The goal of Feedback Sense Check is to manage those emotions and maintain a healthy feedback loop.
How it started
In 2022, with this idea in mind, I started sketching ideas.
I dabbled away on and off for months, in my spare time — I can be a bit obsessive about such things, and enjoy getting stuck into a problem.
After many iterations, I ended up with this logic tree…
It’s split into two main branches — giving and receiving feedback.
In each one there’s a series of questions about the user’s situation, and, in the end, an output with guidance, based on the answers.
Refining the content
At this point, I reached out for help from the ever wise and kind Simon Meekings, who runs training sessions on feedback. Simon and I paired on the content — with Simon’s input, it improved immeasurably. And Simon should even take credit for this Medium post, as I’ve re-used many of his words. Thank you Simon!
One choice we faced was how to refer to ‘negative’ and ‘positive’ feedback. As Simon said:
‘negative’ and ‘positive’ tend to be avoided when giving feedback, as they’re subjective and perspectives differ. And ‘negative’ can sometimes set someone up with the mindset that a conversation will be negative, eg through body language.
We considered ‘Consider changing’ and ‘Keep doing’. But we weren’t convinced these wouldn’t be easily understood. In the end, usability won out over precision, and we went with ‘Constructive’ and ‘Positive’ — arguably slightly loaded terms, but ones that we felt would be intuitive.
Fun with design
With the content well on the way, I got my creative juices flowing with the visuals. I gathered inspiration and messed around with ideas in Figma. I wanted something very simple, clear and usable — no frills, but a touch of warmth and reassurance.
I created a simple design system…
The multi-talented Emma Buckee created the illustration below — it brings such a wonderful, warm touch to the visuals. I love it, thanks Emma!
The build — Thriva Maker Day
I sorely lack the skills to actually build a product like this. But then along came an opportunity — Thriva Maker Day. On 9 March, Thriva’s engineers and designers got together in London, split into teams and built cool things. I’d sneaked Feedback Sense Check onto the list of stuff.
Our Maker Day team was:
- Aaron Conway — engineering
- Alex Callard — engineering
- Bryony Watson — engineering
- Ela Tuns — engineering and content
- Simon Meekings — content
- me — content and design
Absolute legends. I had such a great day — I learned loads, and spent most of my time looking over people’s shoulders to see how they were piecing it all together.
For the tech, Aaron chose SvelteKit, which is a Svelte framework, and tailwindcss for styling. Once built, Aaron deployed Feedback Sense Check to Vercel and left the repo public on Github, in case anyone wants to dig into the code.
That evening, each team presented their finished product, and prizes were awarded. Shockingly, we didn’t win — I assume an admin error.
The wonderful Alex Callard deserves an extra mention as the driving force behind Maker Day.
Try Feedback Sense Check!
Feedback Sense Check isn’t complete — we didn’t get around to building the ‘Received feedback’ branch, and there are a few quirks we didn’t iron out. After all, it was coded in just a few hours.

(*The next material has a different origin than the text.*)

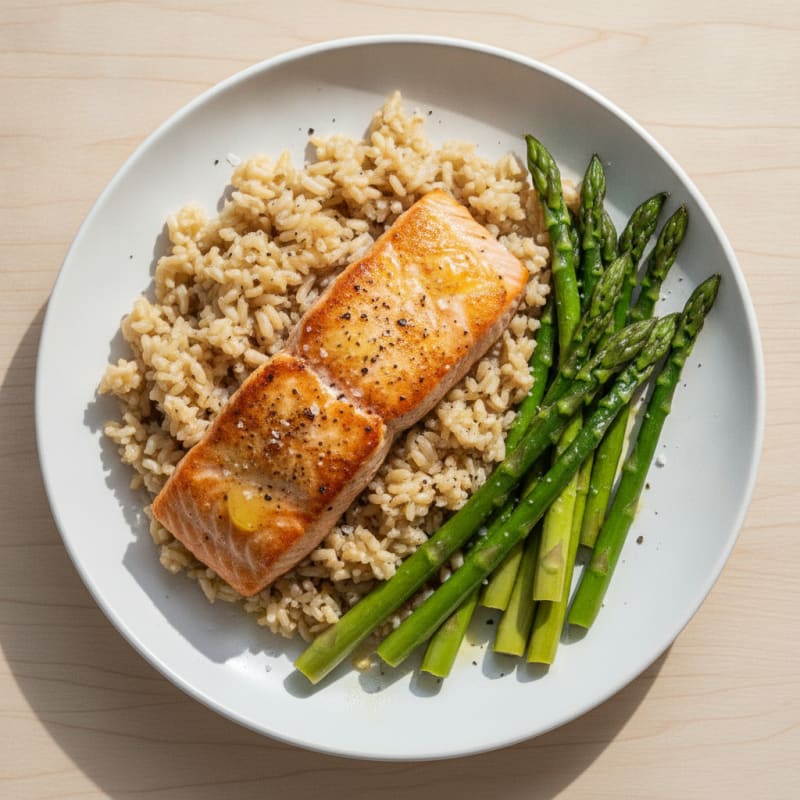 Seared Salmon with Steamed Asparagus and Brown Rice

But Aaron’s put it live, and you’re welcome to give it a try.
What do you think?
I’d love to think that someone out there uses Feedback Sense Check. Have you? If so, please let me know — I’m curious to hear if and how it helped in a real world scenario.
The future
Perhaps we’ll come back and build the rest of Feedback Sense Check, learn, iterate, develop a business model, get funding, grow a team, become a unicorn and have a successful IPO exit.
Or perhaps (and more likely) we’ll leave it as is — a free, incomplete, side project that was a fascinating learning experience, fun to build and, hopefully, helps a few folk give better feedback.